▶ _Work required_
Return, unchanged and with no pictures, the lines below from the very first through the one that contains "Idyllic scenic view, colorful".

▶ _Input_
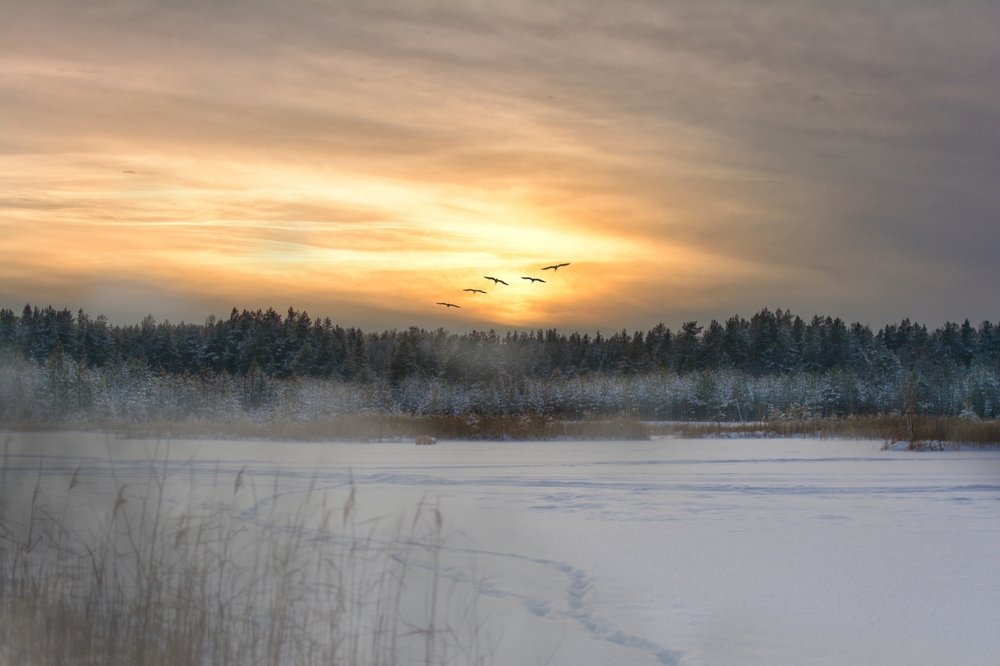 Photograph by Сергей Грицков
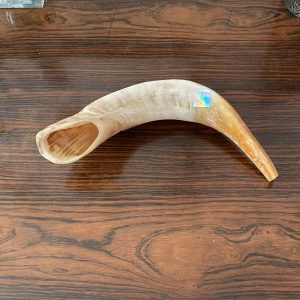 IMG_73131 Shofar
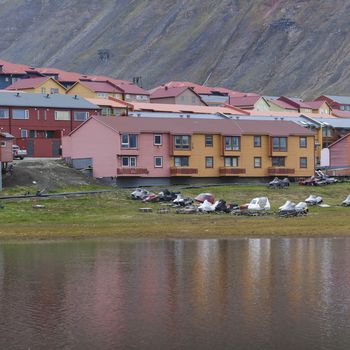 Idyllic scenic view, colorful houses and green field with arctic flowers against the background of dramatic sky and barren mountain in Longyearbyen, Spitsbergen archipelago (Svalbard), Norway, Europe




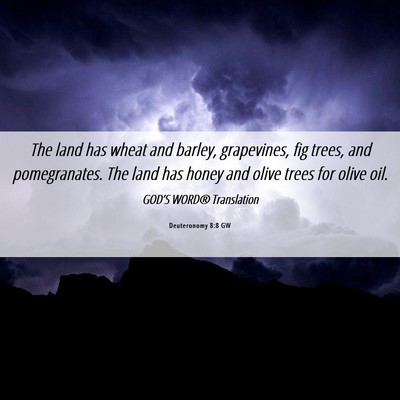 Picture 06 - Deuteronomy 8:8 GW - The land has wheat and barley, grapevines, fig - Bible Verse Picture
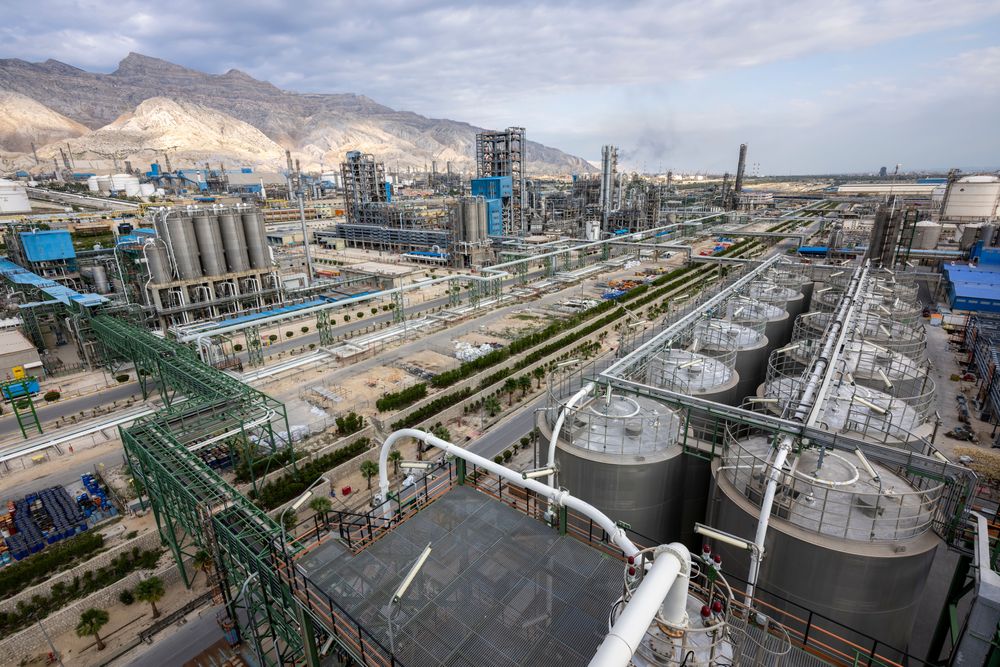 مهر تایید حسابرس بر سود آریا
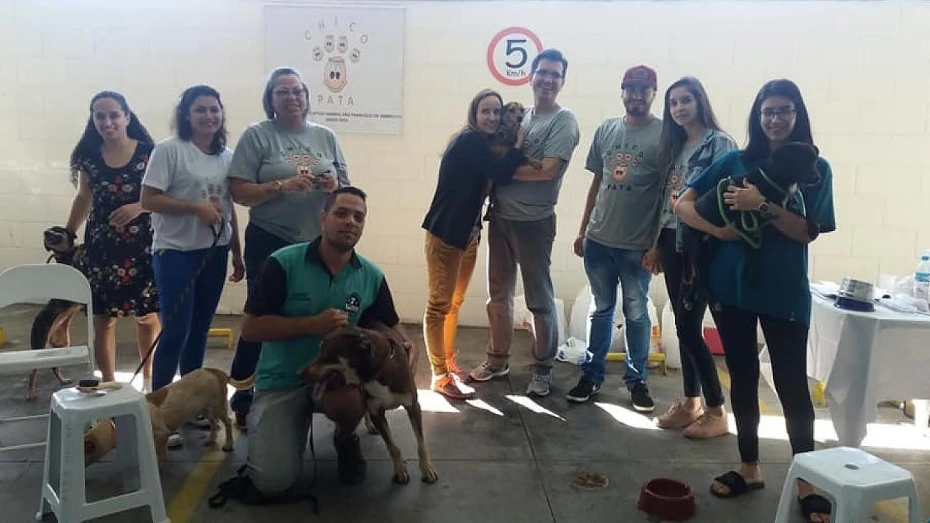 ONG realiza feira de adoção em Taubaté ONG realiza feira de adoção em Taubaté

▶ _Answer box_
 Photograph by Сергей Грицков
 IMG_73131 Shofar
 Idyllic scenic view, colorful houses and green field with arctic flowers against the background of dramatic sky and barren mountain in Longyearbyen, Spitsbergen archipelago (Svalbard), Norway, Europe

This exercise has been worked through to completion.